### PROVIDED MATERIAL

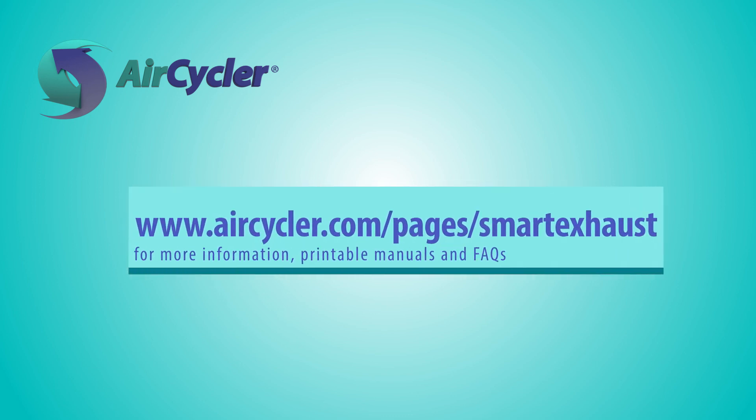If the Smart Exhaust did not respond properly during the testing procedure, we recommend checking that it's wired correctly.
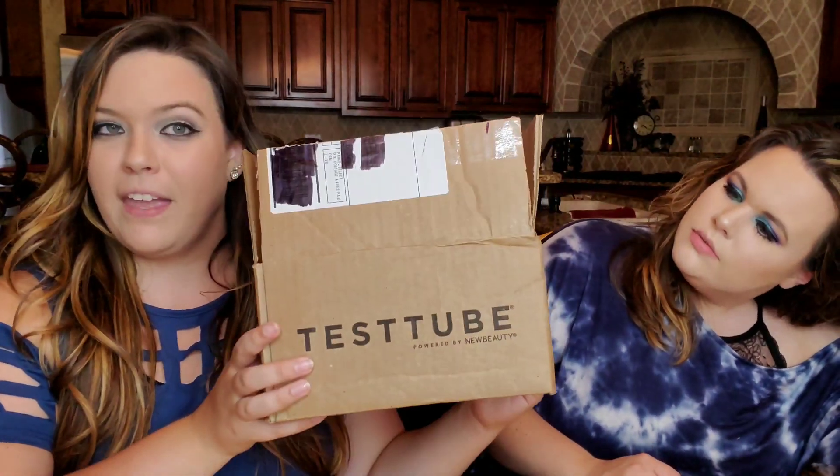What's up everybody, it is Syd and Jordan and we are the Subscription Sisters. We have a new subscription box to bring to y'all today — it is Test Tube. So this box, I thought it was a regular box but everything said it's supposed to be a tube. I opened it so I'm gonna show you what we have. This box costs $30 and you get it every other month.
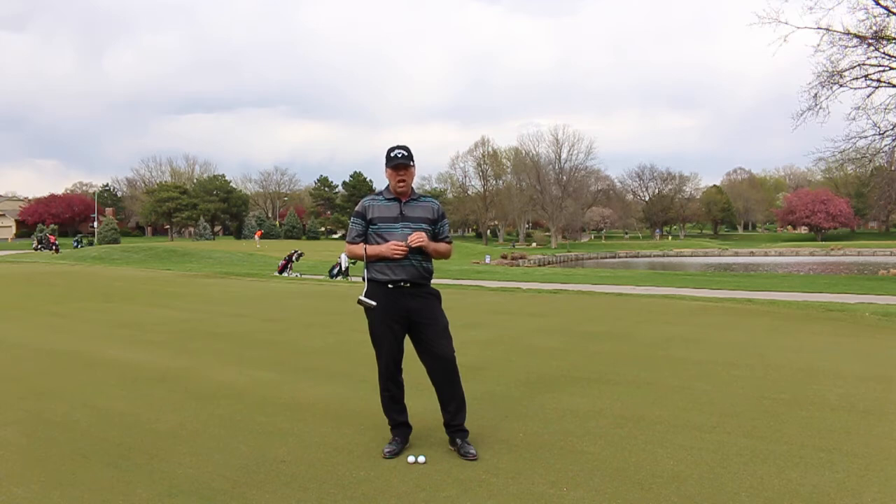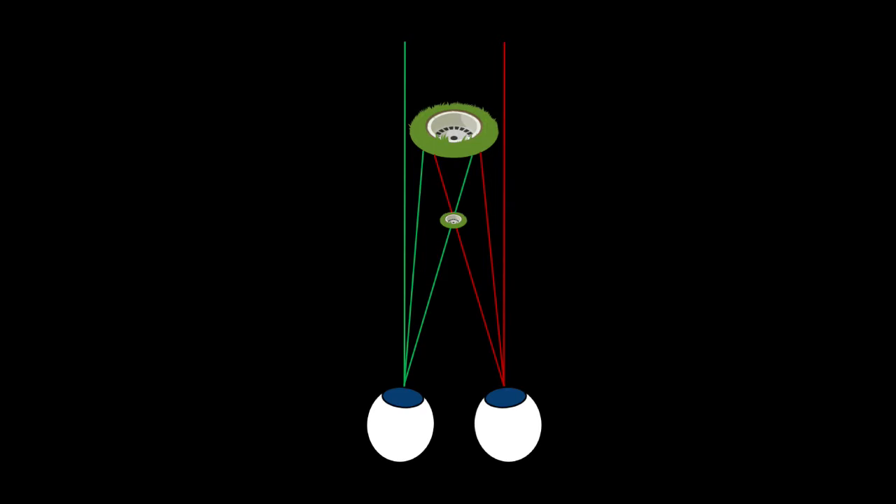Depth perception on greens is vital when you're judging distances. Depth perception is the ability to perceive objects in three dimensions and gauge how far away the object is. Because our eyes are located at different lateral positions on our head, two slightly different images of the same object will be projected onto the retinas of the eyes — called binocular vision. The visual cortex of the brain processes these to yield depth perception.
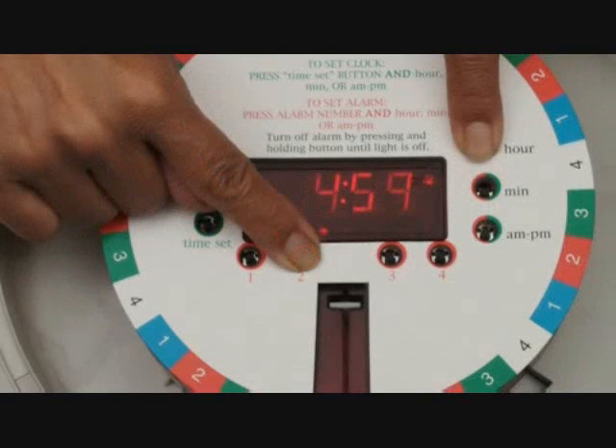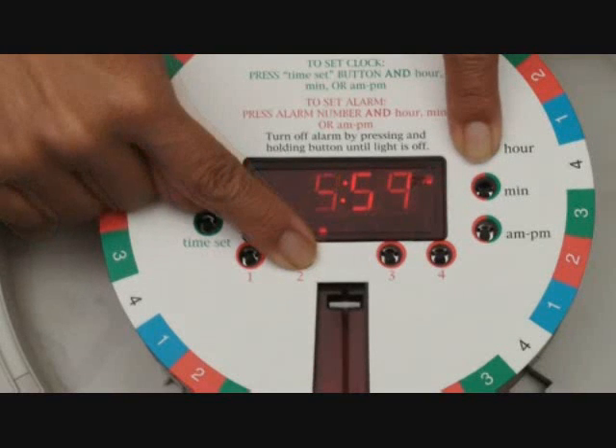To set the alarms, hold the appropriate alarm button down and press the hour, minute, and AM/PM buttons.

######

**EXERCISE**
Write out the material above exactly. Skip the pictures.

**ANSWER FOR THE TASK**
If the Smart Exhaust did not respond properly during the testing procedure, we recommend checking that it's wired correctly.
What's up everybody, it is Syd and Jordan and we are the Subscription Sisters. We have a new subscription box to bring to y'all today — it is Test Tube. So this box, I thought it was a regular box but everything said it's supposed to be a tube. I opened it so I'm gonna show you what we have. This box costs $30 and you get it every other month.
Depth perception on greens is vital when you're judging distances. Depth perception is the ability to perceive objects in three dimensions and gauge how far away the object is. Because our eyes are located at different lateral positions on our head, two slightly different images of the same object will be projected onto the retinas of the eyes — called binocular vision. The visual cortex of the brain processes these to yield depth perception.
To set the alarms, hold the appropriate alarm button down and press the hour, minute, and AM/PM buttons.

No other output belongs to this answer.